Records for this exercise -
Start of Block
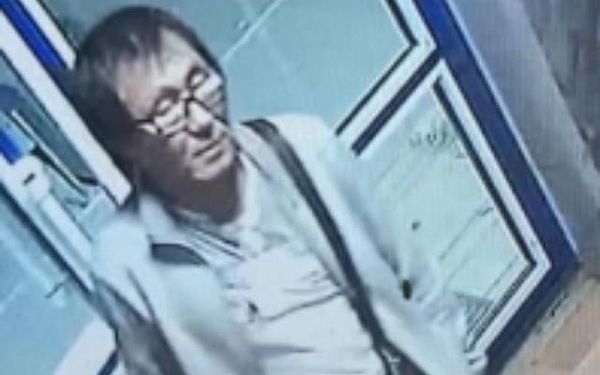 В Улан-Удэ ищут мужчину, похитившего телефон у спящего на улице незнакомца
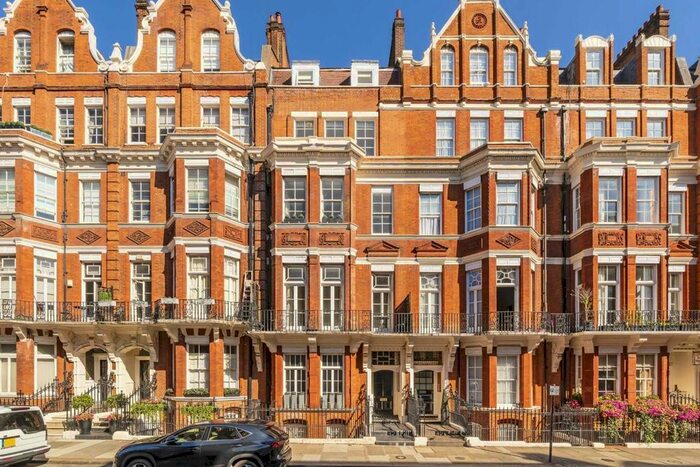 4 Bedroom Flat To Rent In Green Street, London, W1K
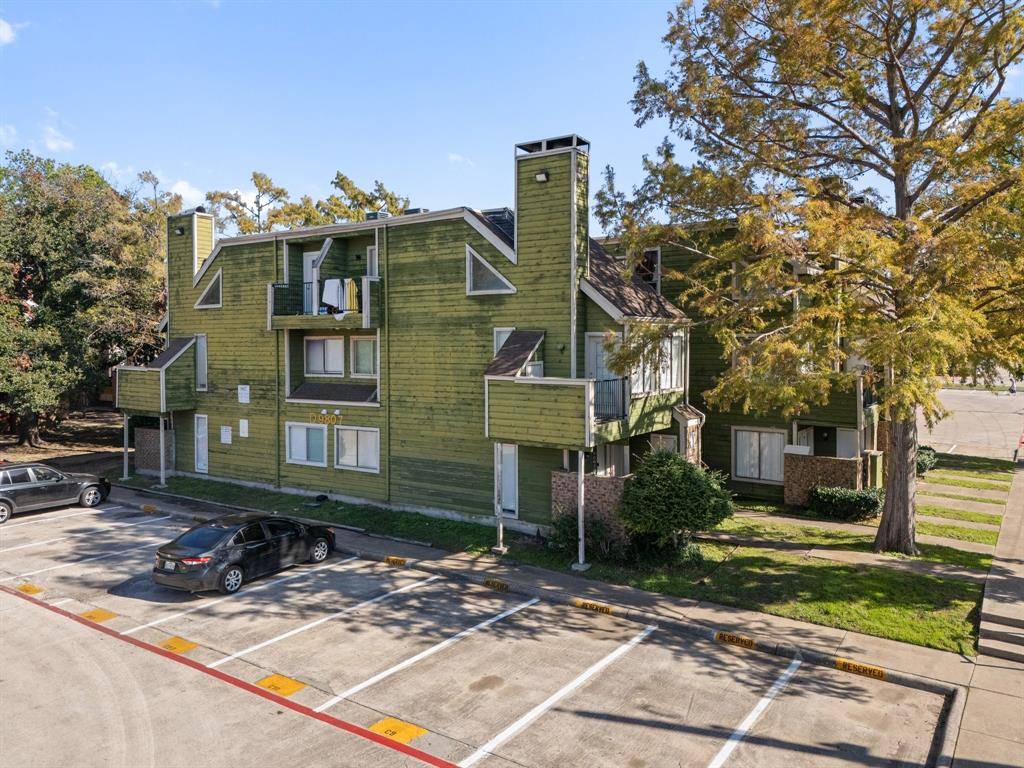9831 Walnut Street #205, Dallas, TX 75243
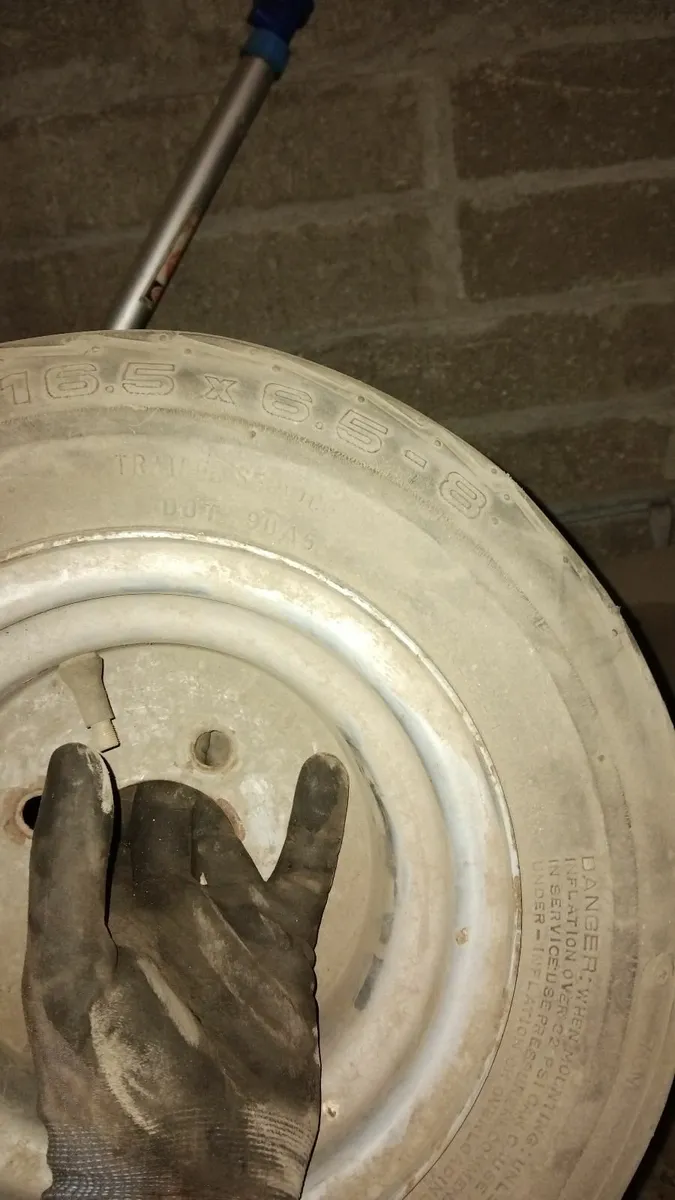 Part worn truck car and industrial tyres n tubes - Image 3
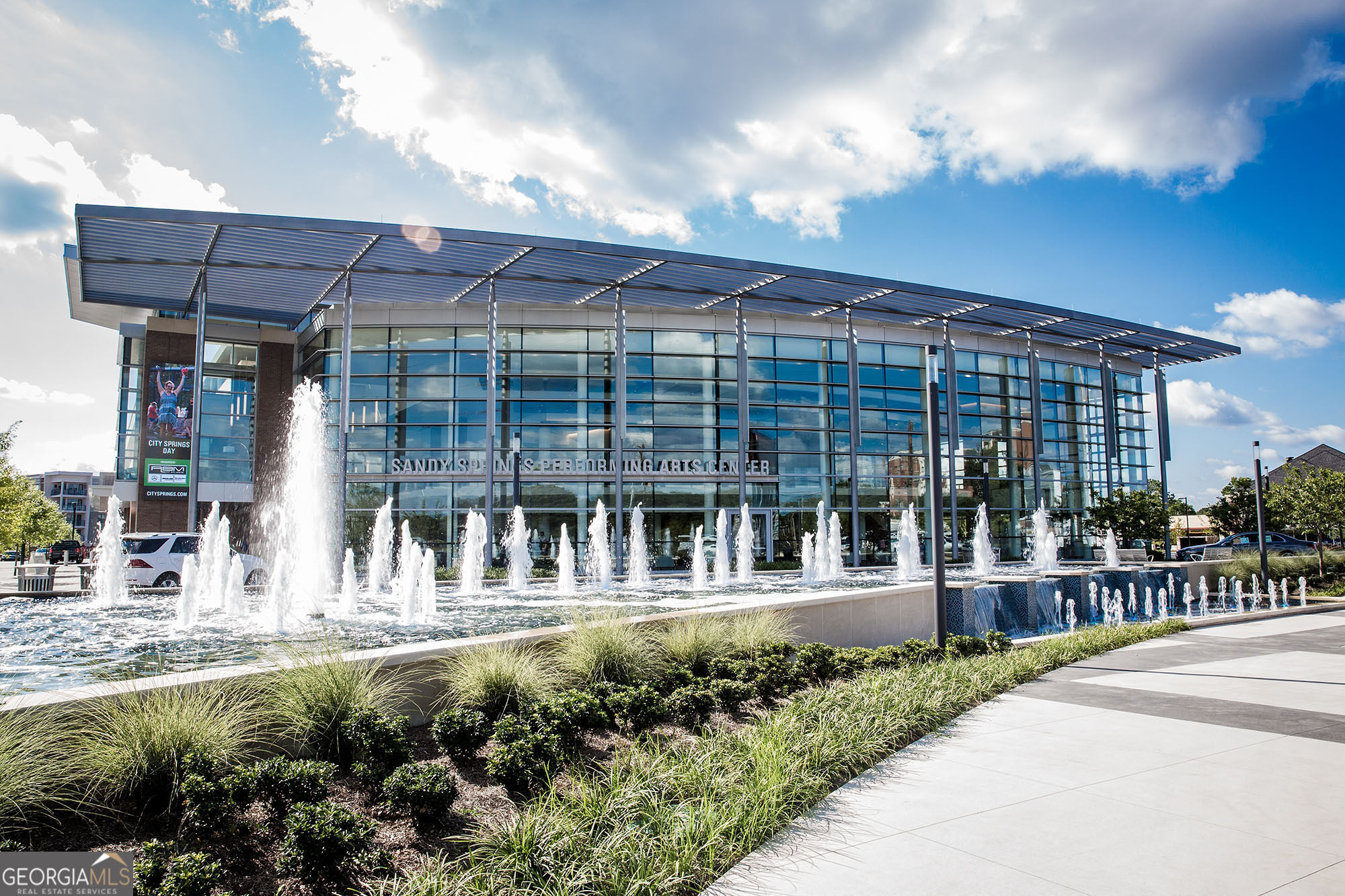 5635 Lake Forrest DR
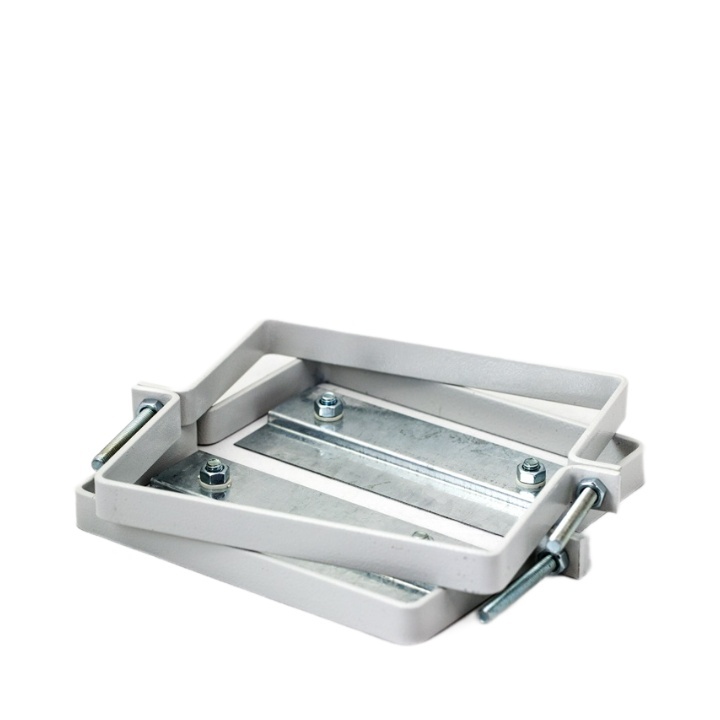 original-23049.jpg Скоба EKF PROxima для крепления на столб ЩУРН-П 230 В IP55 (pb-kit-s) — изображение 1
End of Block
Exercise instructions -
Restate the listing word for word. Pictures do not belong in the copy.

Output of the exercise -
 В Улан-Удэ ищут мужчину, похитившего телефон у спящего на улице незнакомца
 4 Bedroom Flat To Rent In Green Street, London, W1K
9831 Walnut Street #205, Dallas, TX 75243
 Part worn truck car and industrial tyres n tubes - Image 3
 5635 Lake Forrest DR
 original-23049.jpg Скоба EKF PROxima для крепления на столб ЩУРН-П 230 В IP55 (pb-kit-s) — изображение 1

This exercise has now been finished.